Le 15 avril 1989, l'ancien secrétaire général du parti communiste chinois, Hu Yaobang, meurt d'une crise cardiaque. Il avait été le symbole de la tentative de libéralisation de la société chinoise contre les réformes politiques et économiques de Den Xiaoping à partir de 1978, à l'image de ce que fut Gorbatchev avec la glasnost dans l'ex-URSS. Il fut contraint à la démission le 16 janvier 1987, ce qui fut ressenti comme un terrible revers par tous les partisans de l'ouverture.
A l'annonce de sa mort, en ce 15 avril 1989, des milliers d'étudiants envahissent la place Tiennanmen et ne la quitteront plus. C'est le début d'un long processus de protestation qui va durer jusqu'au 4 mai et se terminer dans un bain de sang et une des répressions les plus noires de l'histoire contemporaine de la Chine.
Le 21 avril, jour des obsèques de Hu Yaobang, les étudiants sont plus de 100.000 à converger vers la place Tiennanmen. Le mouvement est bientôt relayé par des grèves qui s'étendent à toutes les universités et qui rassemblent étudiants et enseignants. Les menaces de répression par le pouvoir se font de plus en plus pesantes, mais la révolte se fait plus forte et plus patriotique et rappelle celle de 1976 qui avait abouti au limogeage de la "bande des quatre". Au fil des jours, la mémoire de Hu Yaobang est célébrée comme celle d'un véritable démocrate au service du peuple.
Le 4 mai, plus de 200.000 étudiants et travailleurs défilent dans Pékin pour réclamer la liberté de la presse et un dialogue immédiat entre le pouvoir et les élus du mouvement étudiant. Le gouvernement refuse et ne veut parler qu'aux étudiants membres du pc.
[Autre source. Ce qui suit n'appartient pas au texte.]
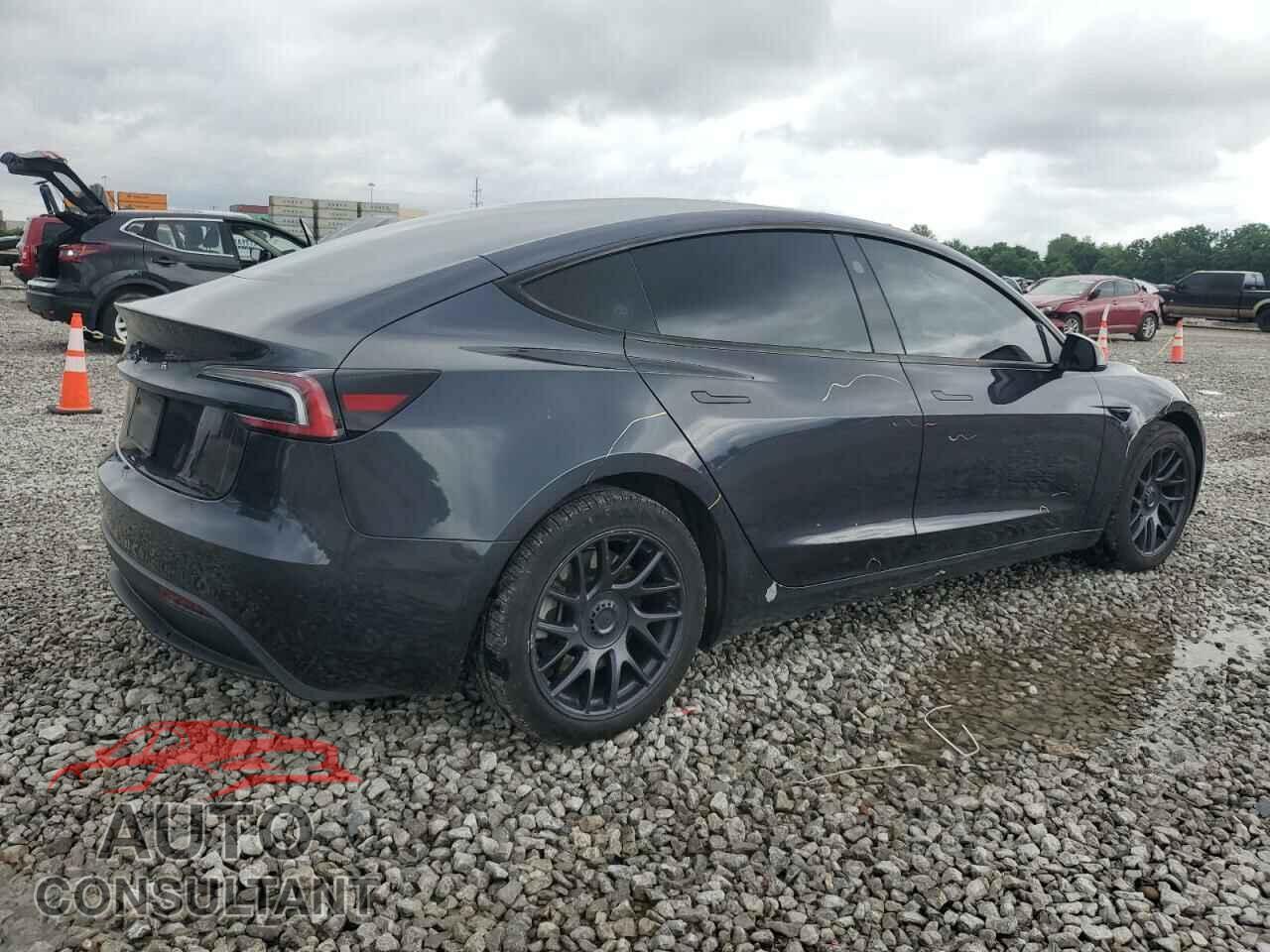 TESLA MODEL 3 2024 - 5YJ3E1EA5RF717028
Le 13, à l'occasion de la visite de Mikhail Gorbatchev, les étudiants, qui occupent toujours la place Tiennanmen, commencent une grève de la faim, qui sera suivie par plus de 1.000 personnes.
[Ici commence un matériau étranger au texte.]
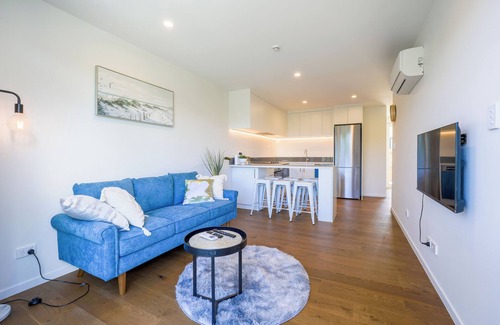 Mangere House | Contemporary Family Retreat– Close to Airport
Le 19, le secrétaire général du pcc, Zhao Ziyang, va à la rencontre des étudiants, désormais soutenus par toute la population, et les exhorte à interrompre leur grève de la faim, avec des phrases rapportées par la BBC et qui resteront gravées dans la mémoire des manifestants : "Nous sommes vieux, nous n'avons plus rien à perdre ; vous êtes jeunes, vous n'avez aucune raison de vous sacrifier."
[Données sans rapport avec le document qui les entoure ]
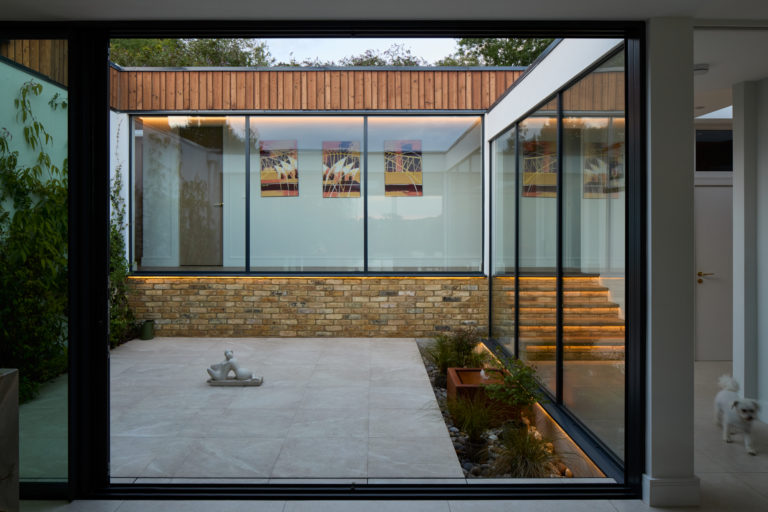 SURREY VIEW SURREY, KT22 - SHOOTFACTORY - OTHER UK HOUSES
C'est un échec, mais cette référence au "sacrifice" fait craindre le pire. La sympathie pour les étudiants, déjà considérable à l'intérieur du pays, dépasse maintenant largement les frontières chinoises. Dan Rather est là depuis quelques jours, le présentateur vedette de CBS, celui qui incarne l'information télévisée américaine, comme Louis XIV incarnait l'Etat, puisqu'il commençait toujours son journal par : "Dan Rather reporting", signifiant ainsi qu'il était donc son propre titre de "une".
Mais le 20 mai, Zhao Ziyang décrète la loi martiale et le 27, des chars de l'armée chinoise prennent position autour de Tiennanmen. Le président des Etats-Unis, George Bush père, aura beau lancer une protestation auprès du conseil de sécurité de l'ONU, la répression commence. Les manifestants brûlent des véhicules et dressent des barricades. Et le 4 juin, la révolte étudiante est écrasée, comme le montre ce reportage de l'envoyée spéciale de la BBC sur la place Tiennanmen.
Comme elle l'indique dans cette vidéo, l'armée commence à tirer sur les manifestants. Elle va suivre, elle-même, des étudiants gravement blessés jusqu'à l'hôpital le plus proche. Le gouvernement chinois reconnaîtra 241 morts dans cette répression, parmi les manifestants. Le New York Times, dont le correspondant affirme avoir vu les chars rouler sur les tentes à l'intérieur desquelles se trouvaient des étudiants, parle de 800 morts. C'était il y a dix-neuf ans. Les principaux organisateurs ont été soit condamnés à mort et exécutés, soit emprisonnés. Aucun n'a encore été libéré. Pour mémoire, c'est ce pays qui a été choisi pour accueillir les prochains jeux olympiques d'été.